図31において、図27に示す第1注意喚起条件である「ユーザの移動方向の7m以内の位置に物体があること」を満たしたと注意喚起判定処理部4011で判定された場合、注意喚起指示部4012は、格納アドレス(x0000000001)に格納されている注意喚起用映像データWm023.jpgを読み出して3秒間の間、表示パネル1022−2に表示するよう映像表示制御部1022−1に指示する。
また、図27に示す第4注意喚起条件である「ユーザが秒速2m以上で移動していること」を満たしたと注意喚起判定処理部4011で判定された場合、注意喚起指示部4012は、格納アドレス(x0000010001)に格納されている注意喚起用映像データWm059.jpgを読み出し、当該第4注意喚起条件が解消するまでの間、表示パネル1022−2に表示するよう映像表示制御部1022−1に指示すると共に、格納アドレス(x1100010001)に格納されている注意喚起用音声データWm59.mp3を読み出し、当該第4注意喚起条件が解消するまでの間、繰り返し再生し続けるよう音声再生制御部1023−1に指示する。注意喚起判定処理部4011における判定の結果、画像解析処理の結果等に基づいて注意喚起条件が解消している場合は、注意喚起指示部4012は、映像表示制御部1022−1や音声再生制御部1023−1に注意喚起の停止を指示する。

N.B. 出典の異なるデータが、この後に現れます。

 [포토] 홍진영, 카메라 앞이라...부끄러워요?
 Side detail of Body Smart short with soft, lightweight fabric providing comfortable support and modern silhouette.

このように構成することで、ユーザに対して単に「注意してください」と言ったメッセージを出すのではなく、前方に障害があると判定された場合は、「前方に障害があるので注意してください」と言った形態の注意喚起を行うことができ、また、車等の移動体が後方から接近していると判定された場合は、「後方より時速40kmの車が接近しています。注意して下さい。」と言った形態の注意喚起を行うことができ、また、ユーザが車を運転していると判定された場合は、「車を運転しながらの仮想現実サービス利用は推奨されておりません。」と言った形態の注意喚起を行うことができる。従って、ユーザは、具体的な注意喚起の内容に基づいて、現実の世界での影響が低減されるように回避行動をとることで、仮想現実の世界を堪能しつつも現実の世界への影響を管理することができる。
<実施形態6>
実施形態4、5に係る仮想現実提示システムは、実施形態1〜3に係る仮想現実提示システムと比較して、仮想現実の世界に入り込んでいるユーザを現実の世界まで戻すことなく、現実の世界に対する影響を管理することで仮想現実の世界と現実の世界との調和を図っている。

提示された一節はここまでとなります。